[Data excerpts]
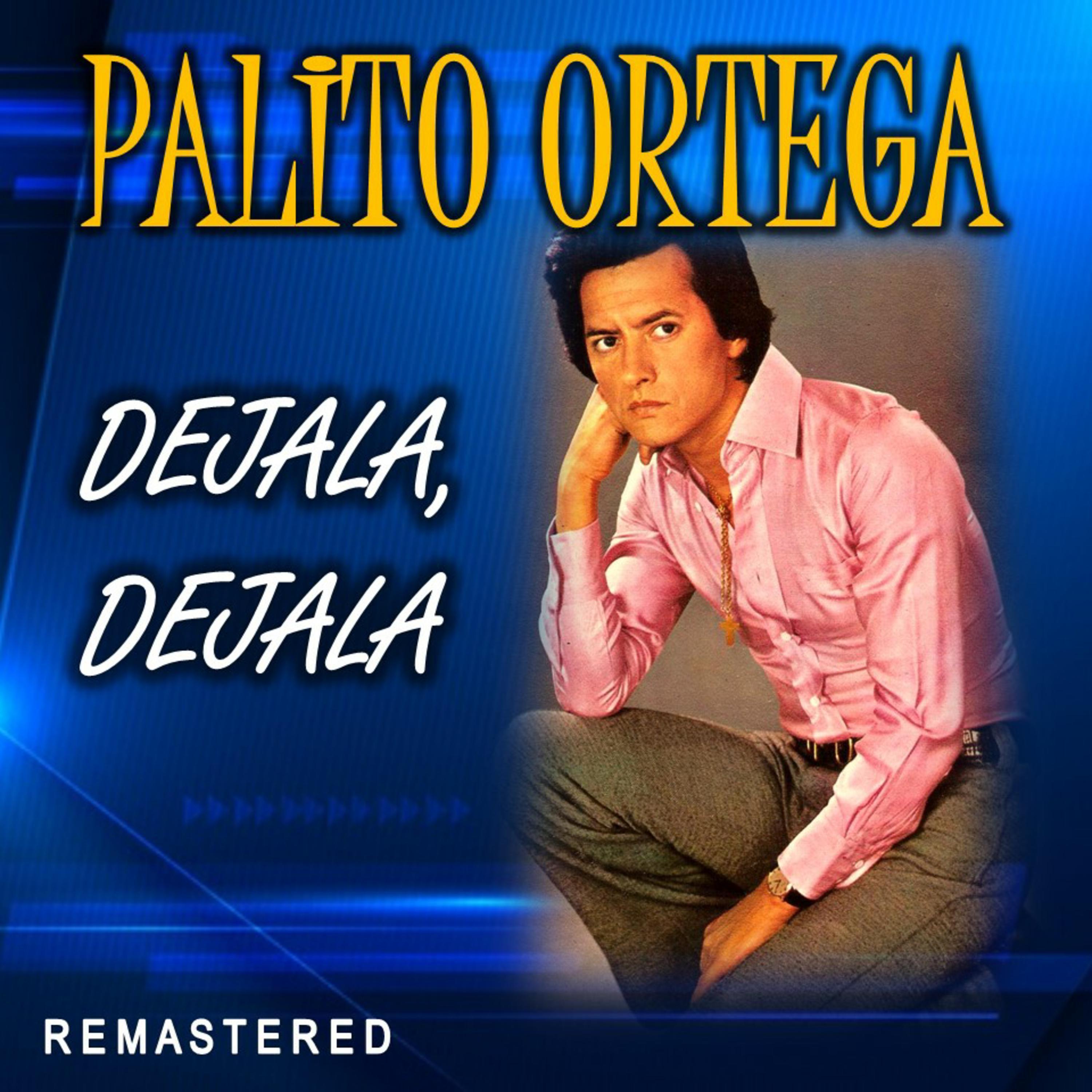 Dejala, Dejala (Remastered)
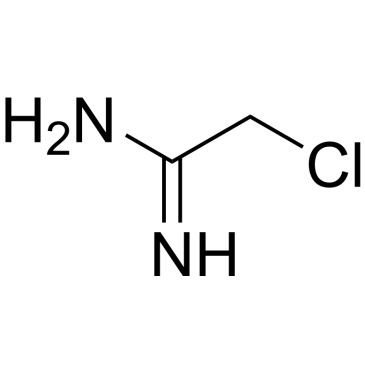 CS-M2910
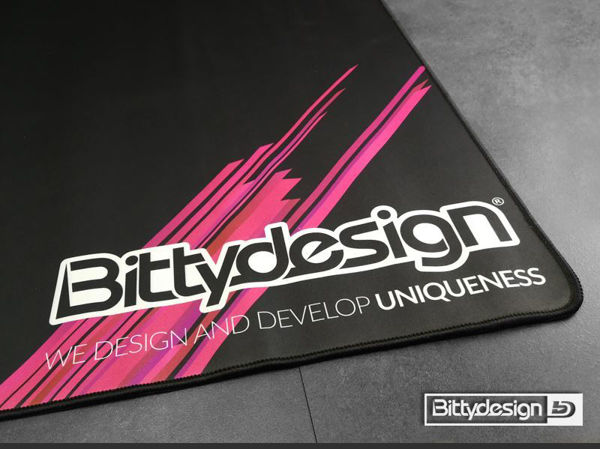 Picture of Table Pad (100x63cm)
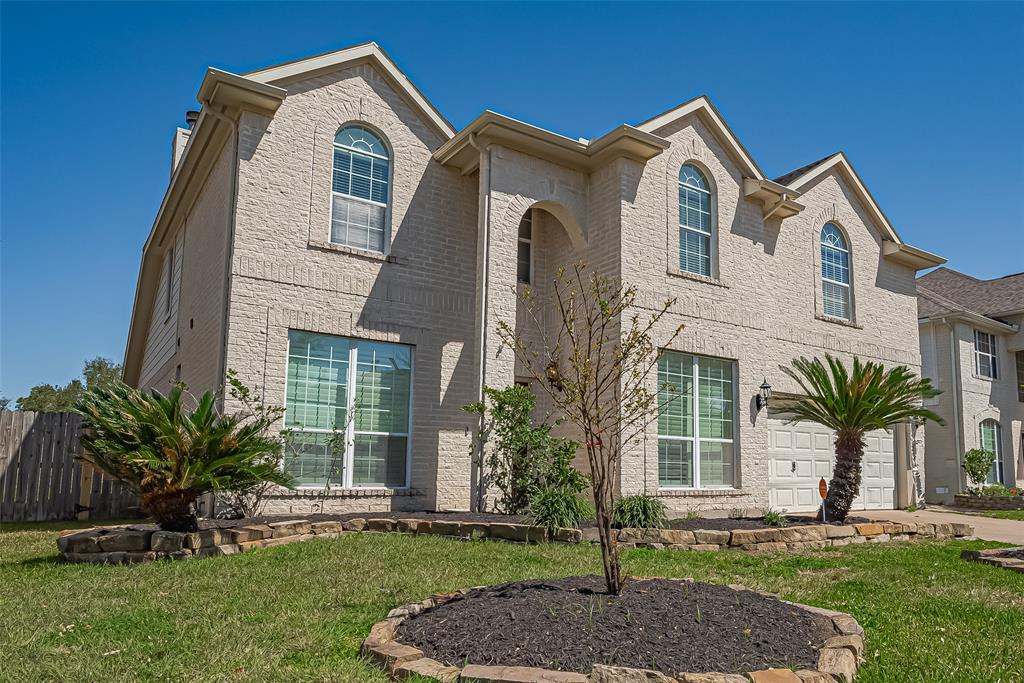 11315 Sailwing Crk Ct  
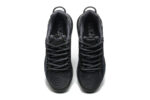 נעלי נייק Nike Air Max Pulse Roam Black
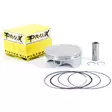 ProX Piston Kit Husa FE650 '04-08/FS650 '04-08 11.8:1 (99.96mm) - Moottoripyörän mäntäsarjat - D136573 - 1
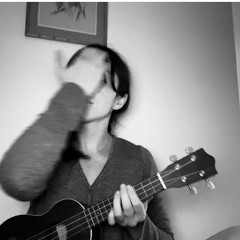 Oh Babe , What Would You Say? (cover)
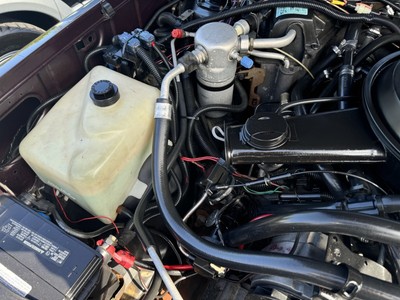 image 4 of engine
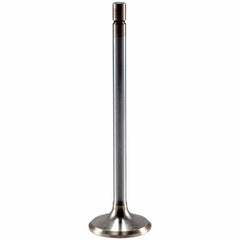 Melling V3442 Stock Replacement Exhaust Valve
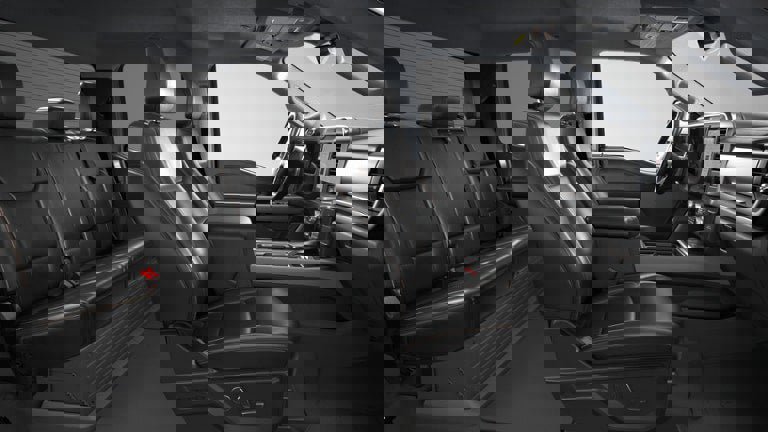 New 2026 Ford F250 Lariat AWD/4WD image 23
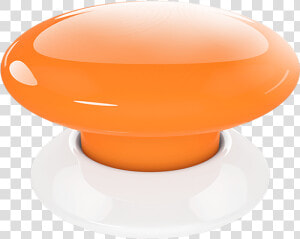 Fibaro The Button Fgpb 101 8  HD Png Download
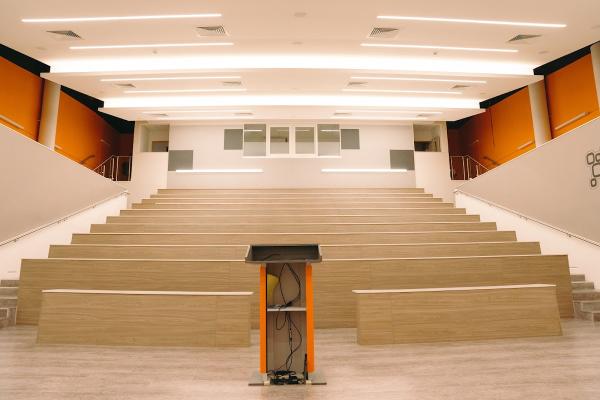 Thornwood Design & Build Ltd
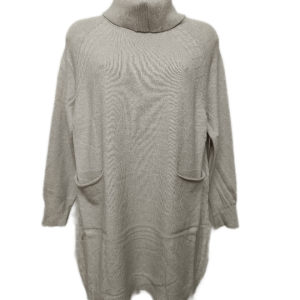 Μπλουζοφόρεμα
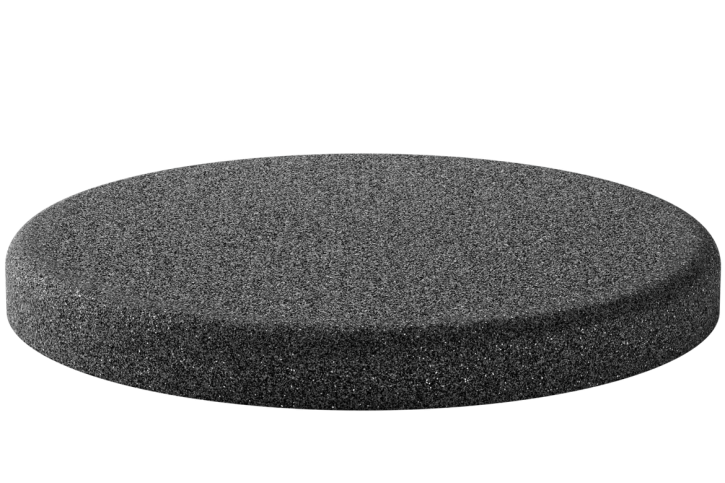 Horl 3 Diamant – KroB
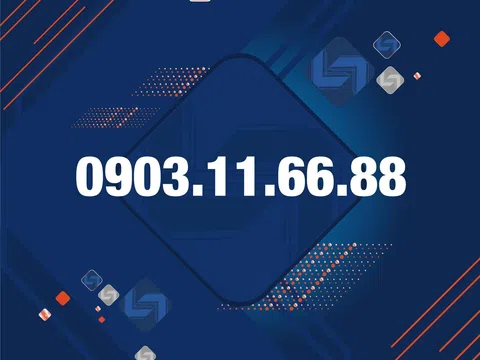 Sim Số Đẹp Mobifone Và Giá Trị Đích Thực Cho Người Dùng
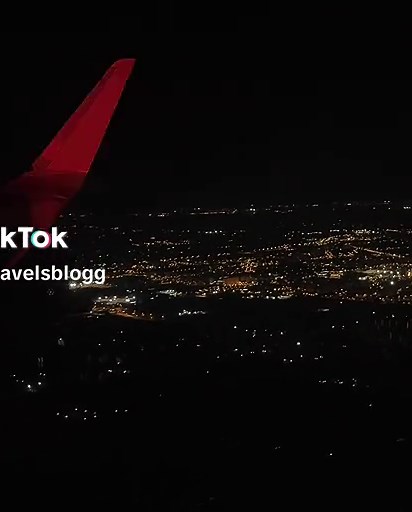 #travelblogger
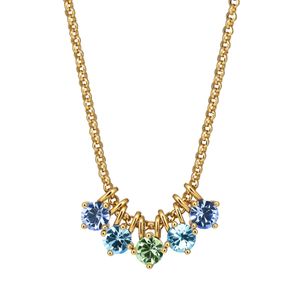 Hovedbilde PHILA SG AQUA 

> _Your task_
The expected output is an exact copy of the lines from the one with "Μπλουζοφόρεμα" to the final line of the entries above, pictures excepted; please include both ends.

> _Answer box_
 Μπλουζοφόρεμα
 Horl 3 Diamant – KroB
 Sim Số Đẹp Mobifone Và Giá Trị Đích Thực Cho Người Dùng
 #travelblogger
 Hovedbilde PHILA SG AQUA 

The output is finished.